Pain merveilleux qu’un dieu partage et multiplie !
Table toujours servie au paternel foyer !
Chacun en a sa part et tous l’ont tout entier ! »
Pour autant, cet amour absolu, ne t’a jamais empêchée d’être tournée vers les autres. Ta vie en témoigne : rien de spectaculaire mais de nombreux gestes qui disaient à quel point tu étais généreuse et charitable.
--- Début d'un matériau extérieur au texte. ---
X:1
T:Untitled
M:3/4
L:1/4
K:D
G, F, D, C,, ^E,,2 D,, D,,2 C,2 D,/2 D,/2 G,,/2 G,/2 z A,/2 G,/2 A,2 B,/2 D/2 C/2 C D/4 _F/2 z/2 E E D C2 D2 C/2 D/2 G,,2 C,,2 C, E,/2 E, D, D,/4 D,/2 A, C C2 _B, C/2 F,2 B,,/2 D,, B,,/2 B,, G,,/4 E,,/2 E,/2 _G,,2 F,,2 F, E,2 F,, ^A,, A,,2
Tu étais prête à investir tes finances (et elles n’étaient pas très grandes) dans toutes les causes : la souffrance des autres t’était insupportable, celles des enfants qui ont faim, des malades, des pauvres… Je ne peux m’empêcher de citer – parce qu’on s’en amusait avec tendresse – le soutien que tu apportais toute l’année à la scolarité des petits indiens Sioux du Dakota pris en charge par l’association Saint-Joseph et ce jusques aux derniers jours de ta vie. Sois rassurée maman, on va prendre le relais. Et bien sûr, ta charité ne se limitait pas à des aides financières. Si tu n’avais pas le temps (avec quatre enfants et un travail !) de t’investir dans des œuvres collectives, dès que tu rencontrais quelqu’un en difficulté, tu payais de ta personne. Cela pouvait aller de l’aide à des démarches administratives à la couture de tenues pour nos copines ou copains d’école moins favorisés ou encore au partage d’un repas… Nous trouvions quelquefois que c’était excessif mais, en vrai, nous étions plutôt fiers de toi.
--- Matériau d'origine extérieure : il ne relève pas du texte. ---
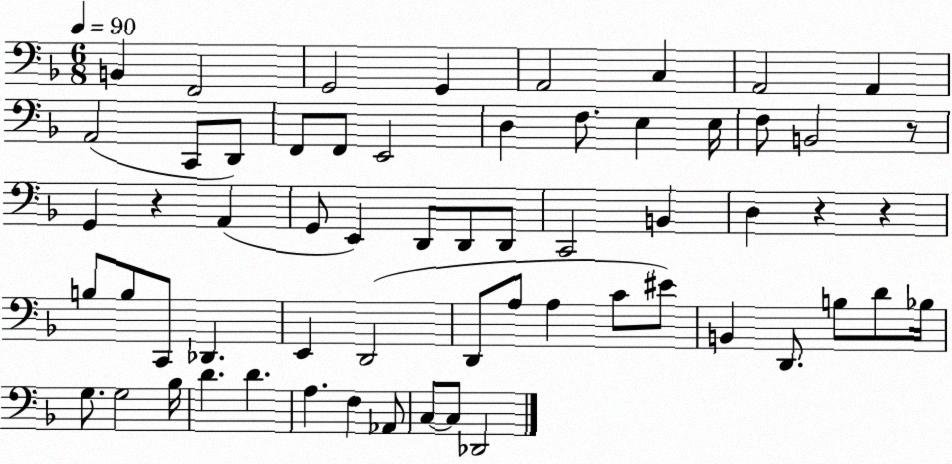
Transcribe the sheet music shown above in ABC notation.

X:1
T:Untitled
M:6/8
L:1/4
K:F
B,, F,,2 G,,2 G,, A,,2 C, A,,2 A,, A,,2 C,,/2 D,,/2 F,,/2 F,,/2 E,,2 D, F,/2 E, E,/4 F,/2 B,,2 z/2 G,, z A,, G,,/2 E,, D,,/2 D,,/2 D,,/2 C,,2 B,, D, z z B,/2 B,/2 C,,/2 _D,, E,, D,,2 D,,/2 A,/2 A, C/2 ^E/2 B,, D,,/2 B,/2 D/2 _B,/4 G,/2 G,2 _B,/4 D D A, F, _A,,/2 C,/2 C,/2 _D,,2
Et puis, en marge de ton travail dans l’administration de la Jeunesse et des Sports, tous les étés (et même parfois l’hiver), pendant de nombreuses années, tu as dirigé des colonies de vacances, notamment à Annot. Et pas les plus faciles, non, celles avec de très nombreux enfants, celles qui avaient peu de moyens. Tu le faisais avec efficacité et, il faut bien le dire, avec une certaine poigne. Parce que tu n’étais pas, et de loin, ce qu’on aurait pu appeler à l’époque une « faible femme ». Tu avais un caractère certain, qui n’excluait pas quelques poussées de colère, mais une colère qui retombait aussi vite qu’elle était montée. Et nous avons toujours tous pu compter sur toi.
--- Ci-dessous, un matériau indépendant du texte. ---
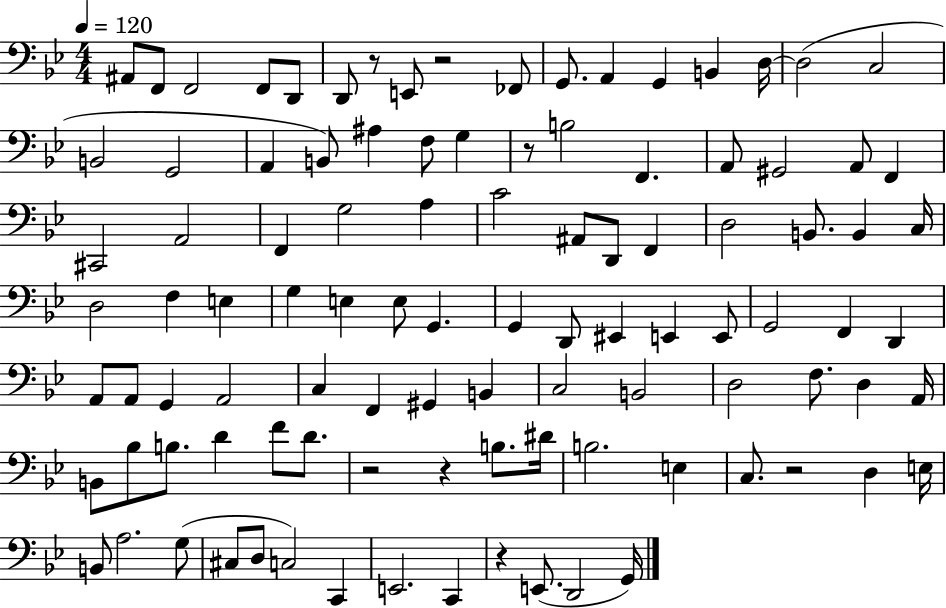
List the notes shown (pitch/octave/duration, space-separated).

Car tu étais bien notre pilier. Toutes les réunions de famille se sont faites, à l’exception des quelques dernières années, dans l’appartement du Ray. Tu étais une cuisinière hors pair, ne ménageant pas ta peine pour faire plaisir aux uns et aux autres. Tu étais la reine de la cuisine niçoise (ah, tes raviolis, tes petits farcis…) mais pas que. Très ouverte d’esprit, tu t’es aussi essayée avec succès aux autres cuisines régionales et même aux cuisines étrangères. C’est chez toi que je mangeais par exemple le meilleur couscous ou la meilleure paella. Et je suis objective. Tous ceux qui ont eu la chance de goûter à tes plats le confirmeront volontiers. Ce n’est donc pas de ma faute si maintenant on trouve toujours que je suis difficile !
Ces réunions tous ensemble auxquels n’hésitaient pas à se joindre nos amis, les amis de tes enfants dont certains sont aujourd’hui présents, on les faisait aussi souvent, aux beaux jours, dans cette vallée de la Tinée que tu aimais tant, à Roussillon. Tu y cultivais amoureusement ton jardin, tu chouchoutais les arbres fruitiers qui allaient te permettre de nous faire de délicieuses confitures. Et même si au fil des années, le barbecue s’est invité au menu, il était hors de question que tu ne prépares pas quelques plats que nous affectionnions. Nous étions à chaque fois émerveillés par le talent de la cuisinière, la bonne humeur et l’humour de l’hôtesse qui n’hésitait pas à taquiner tel ou tel de ses invités.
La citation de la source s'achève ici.